Tribunal Administratif de Paris — Décision N° TA75-2212425

jeudi 11 août 2022

JuridictionTribunal Administratif de Paris
SectionTribunal Administratif de Paris
N° DossierTA75-2212425
TypeDécision
RecoursExcès de pouvoir
FormationSection 8 - Chambre 2
Avocat requérantSPINELLA

Texte intégral

Vu la procédure suivante :

Par une requête et un mémoire, enregistrés les 8 juin et 28 juillet 2022, M. D, représenté par Me Spinella demande au tribunal :

1°) d'annuler pour excès de pouvoir l'arrêté du 7 juin 2022 par lequel la préfète du Val de Marne l'a obligé à quitter le territoire français, a fixé le pays de destination et a prononcé une mesure d'interdiction de retour sur le territoire français d'une durée de 3 ans ;

2°) d'enjoindre à la préfète de faire examiner sa situation dans le cadre d'une demande exceptionnelle au séjour ;

Il soutient que :

- La décision a été prise par une autorité incompétente ;

- La décision attaquée est insuffisamment motivée ;

- Elle a été prise à l'issue d'une procédure irrégulière car la préfète n'a pas procédé à un examen circonstancié de sa situation ;

- la préfète a commis une erreur manifeste dans l'appréciation des conséquences de son arrêté sur sa situation personnelle car il vit en France depuis 5 ans et justifie d'une intégration sociale et professionnelle ;

- il risque d'être persécuté en cas de retour dans son pays. et la préfète a méconnu les stipulations de l'article 3 de la convention européenne de sauvegarde des droits de l'homme et des libertés fondamentales.

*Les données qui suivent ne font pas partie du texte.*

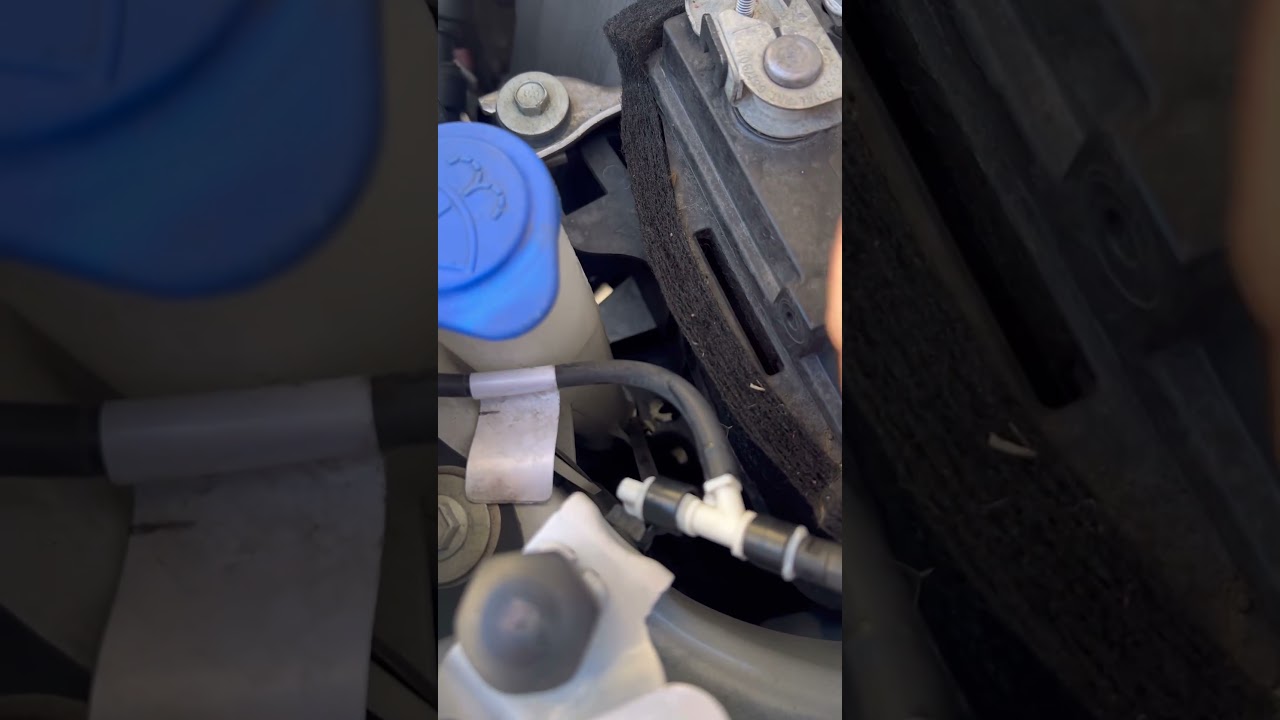 2023 Ford F350 front camera washer fluid fitting leak solution for fords without the added feature.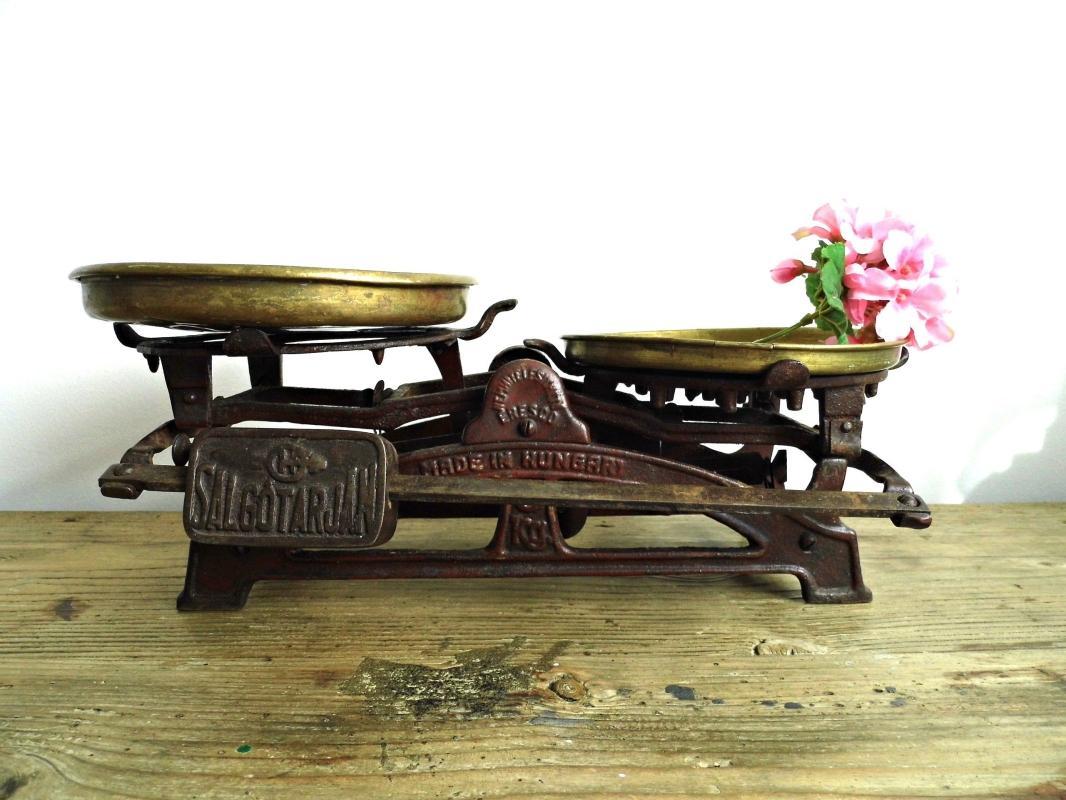 Antique Kitchen Scale Vintage Market Balance Hungary Cast Iron Metal Brown Scale Counter Scale Rustic Farmhouse Kitchen Industrial Decor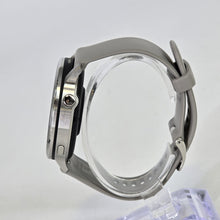 Load image into Gallery viewer, Garmin Venu 4 45mm Silver GPS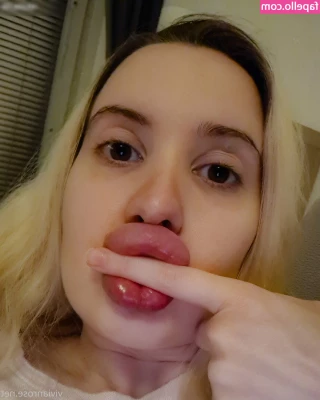 Vivian_Rose [ vivian-rose ] - Your mouth and hole would have been a better option right now part 1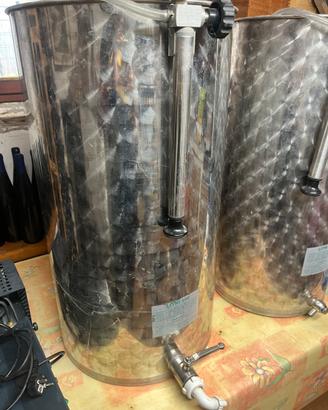 Serbatoi Inox Vino/olio semprepieni con coperchio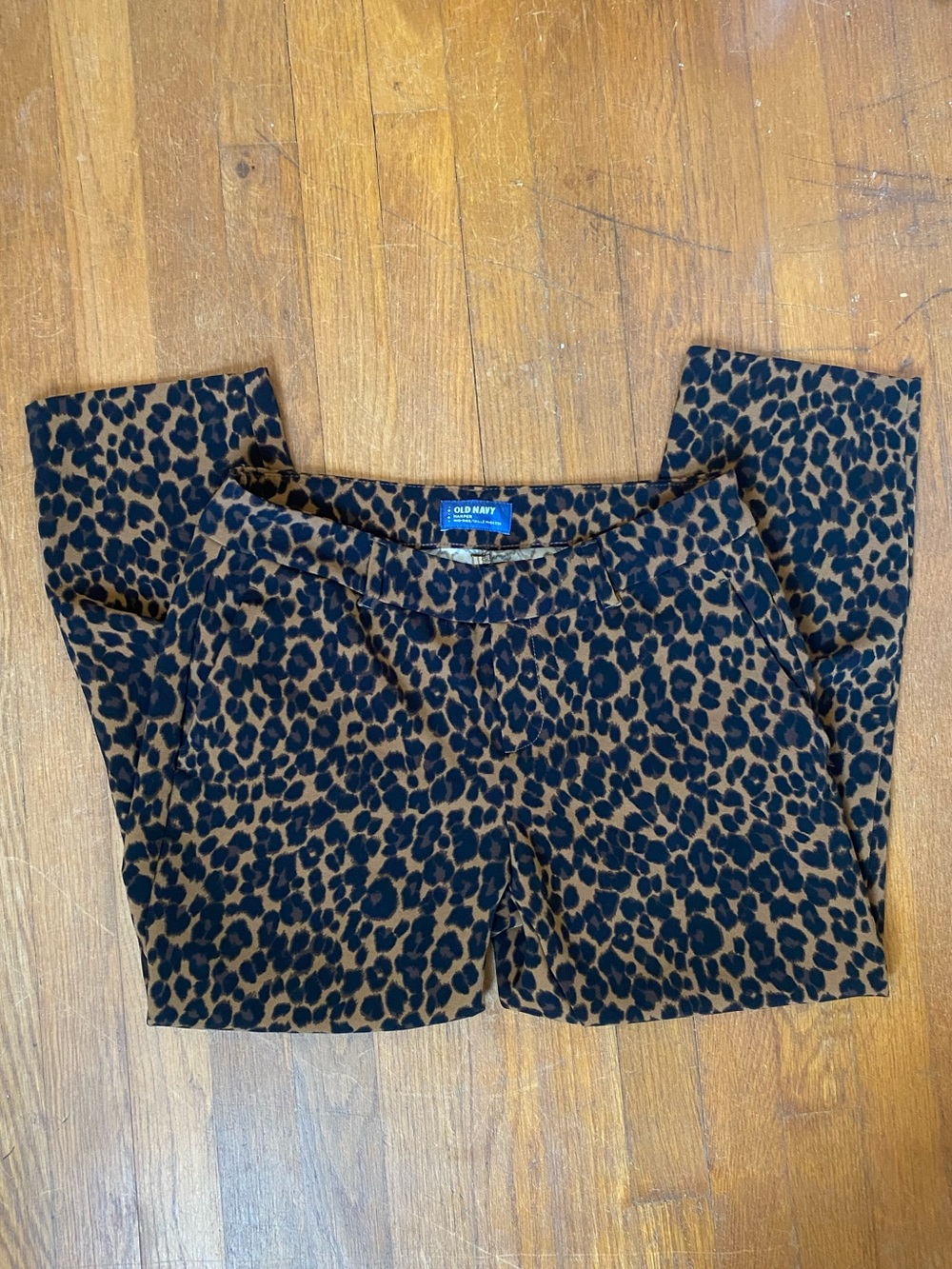Old Navy Harper Mid Rise Pants in Leopard Print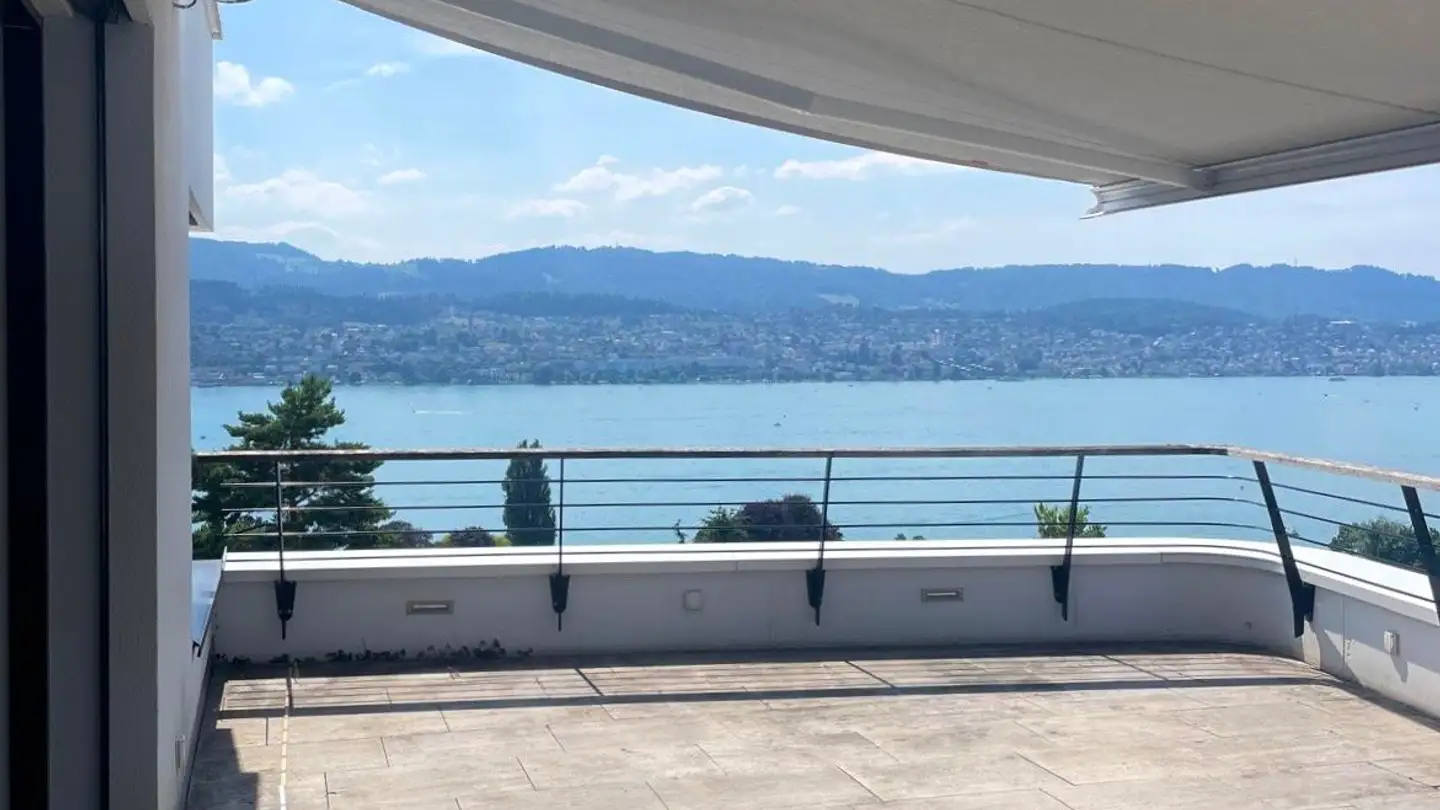 Stepped apartment for rent - 8703 Erlenbach ZH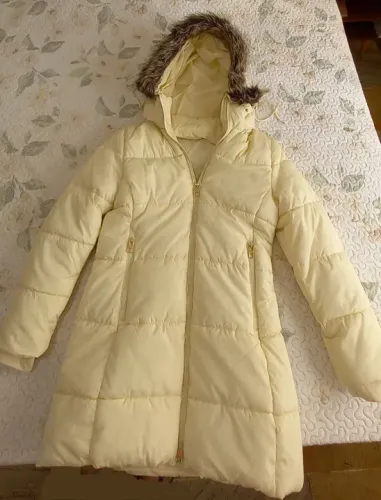 Casaco frio intenso forrado com capuz bolsos e zíper anti vento novinho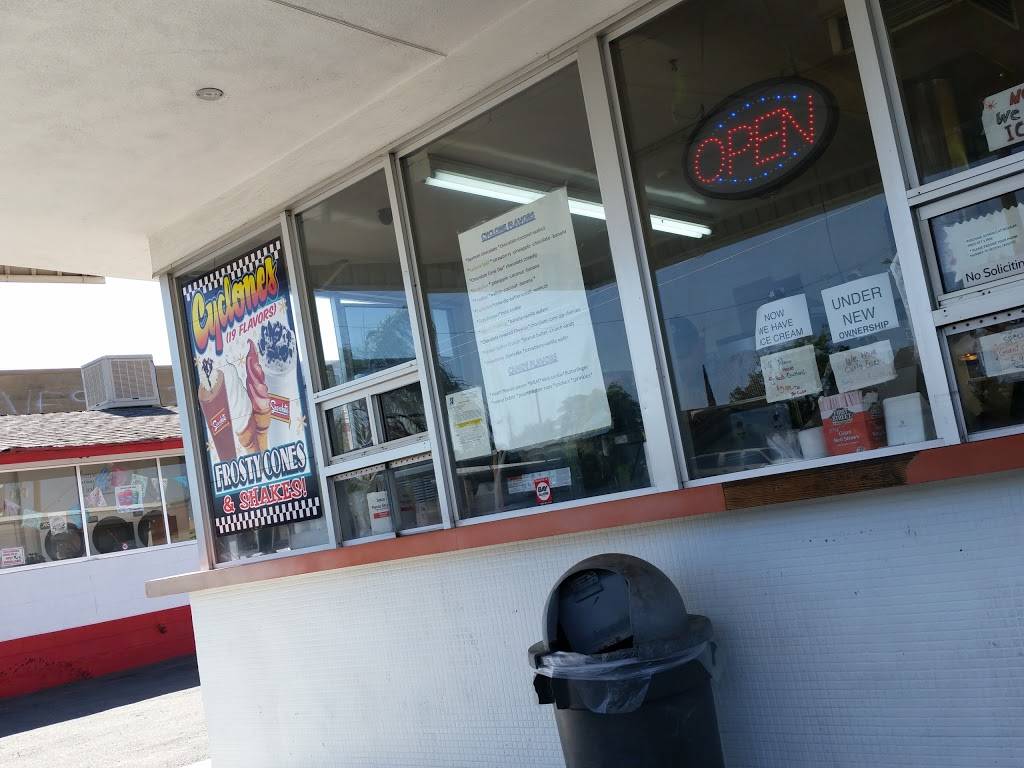 Sno-White Drive-In | restaurant | 911 Paradise Rd, Modesto, CA 95351, USA | 2095232126 OR +1 209-523-2126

Par une ordonnance en date du 13 juin 2022, le président du tribunal administratif de Melun a transmis en application des dispositions de l'article R. 351-3 du code de justice administrative la même requête, enregistrée le 9 juin 2022, présentée par M. B D.

La requête a été communiquée au préfet du Val de Marne qui n'a pas produit d'observations.

Vu les autres pièces du dossier.

Vu :

- la convention européenne de sauvegarde des droits de l'homme et des libertés fondamentales ;

- le code de l'entrée et du séjour des étrangers et du droit d'asile ;

- le code des relations entre le public et l'administration ;

- le code de justice administrative.

Le président du tribunal a désigné M. A, en application de l'article R. 776-13-3 du code de justice administrative.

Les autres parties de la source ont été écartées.